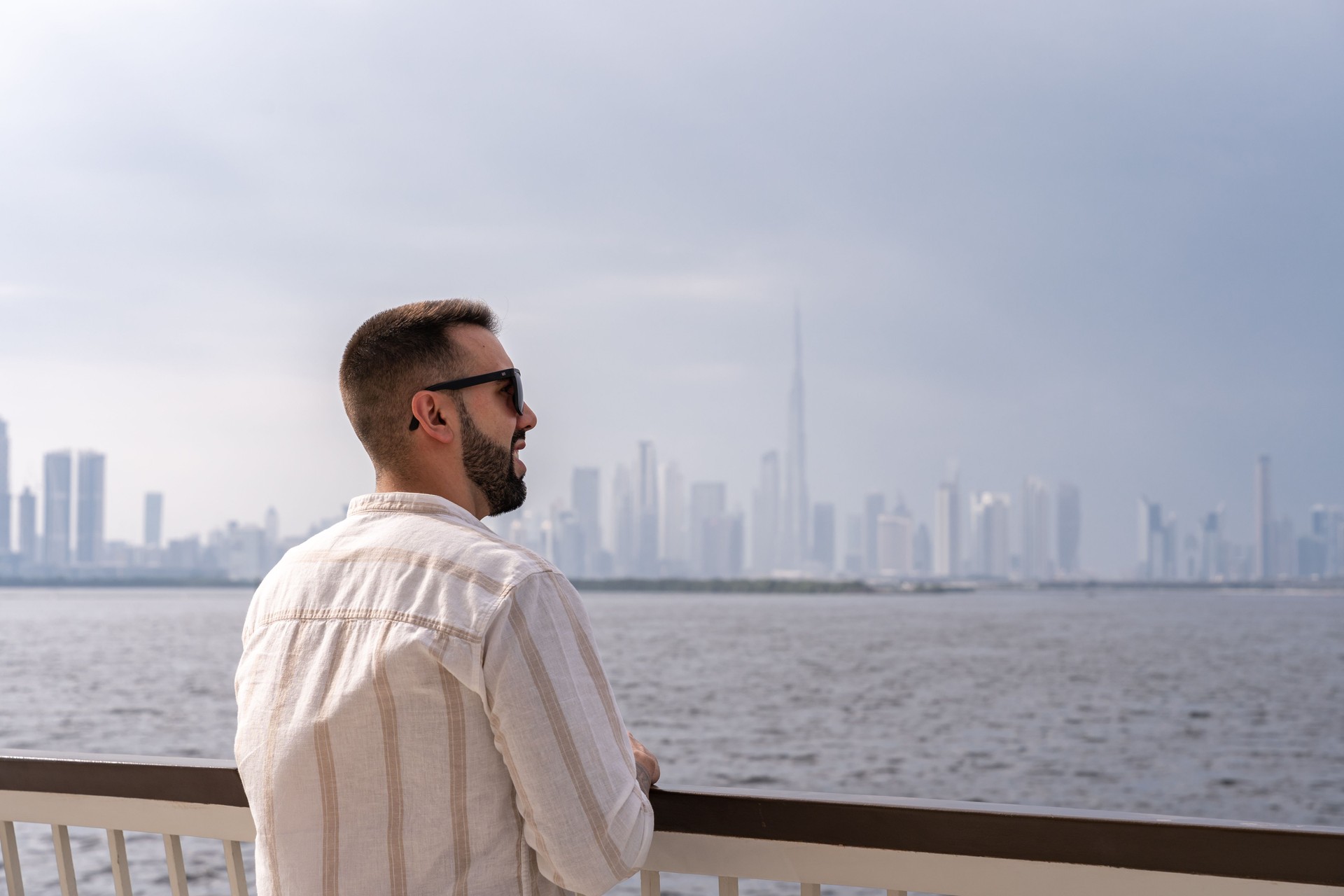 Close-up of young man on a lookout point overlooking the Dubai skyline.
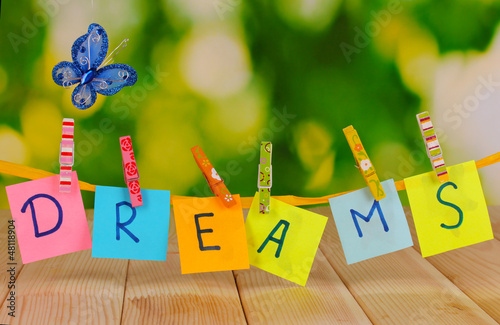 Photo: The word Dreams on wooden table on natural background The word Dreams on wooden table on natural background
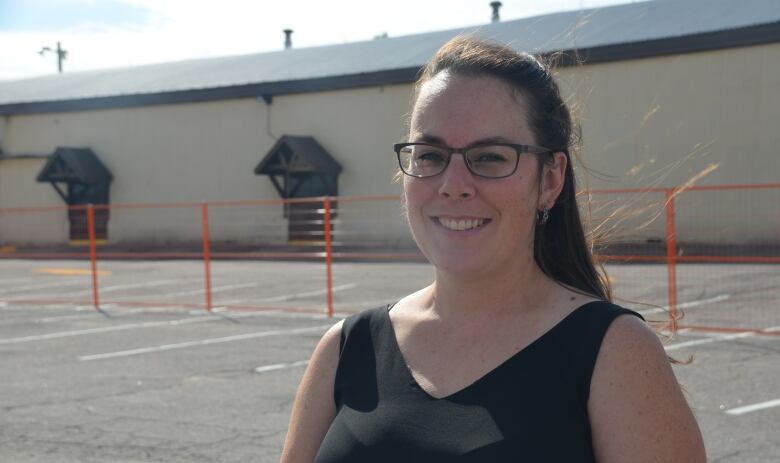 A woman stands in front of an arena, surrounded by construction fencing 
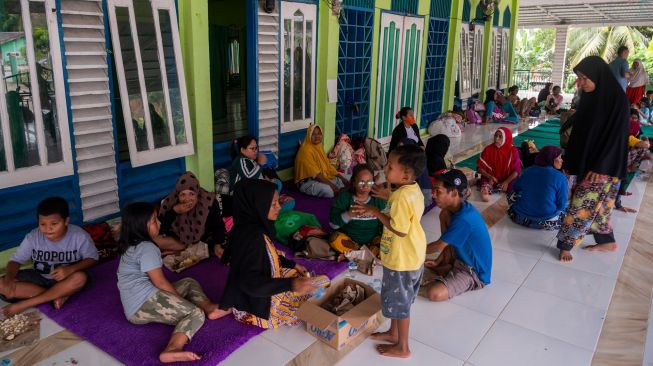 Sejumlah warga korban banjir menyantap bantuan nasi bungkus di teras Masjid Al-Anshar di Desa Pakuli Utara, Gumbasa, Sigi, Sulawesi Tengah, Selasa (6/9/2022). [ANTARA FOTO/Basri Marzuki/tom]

•••••

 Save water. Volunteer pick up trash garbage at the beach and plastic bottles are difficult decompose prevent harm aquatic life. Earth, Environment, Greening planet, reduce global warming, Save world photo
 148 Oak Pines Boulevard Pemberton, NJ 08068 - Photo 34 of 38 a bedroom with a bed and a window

•••••

## REQUIRED WORK
In the data above, take the line with "A woman stands", the line with "Sejumlah warga korban", and every line between, and set them down exactly without pictures.

## EXERCISE RESPONSE
 A woman stands in front of an arena, surrounded by construction fencing 
 Sejumlah warga korban banjir menyantap bantuan nasi bungkus di teras Masjid Al-Anshar di Desa Pakuli Utara, Gumbasa, Sigi, Sulawesi Tengah, Selasa (6/9/2022). [ANTARA FOTO/Basri Marzuki/tom]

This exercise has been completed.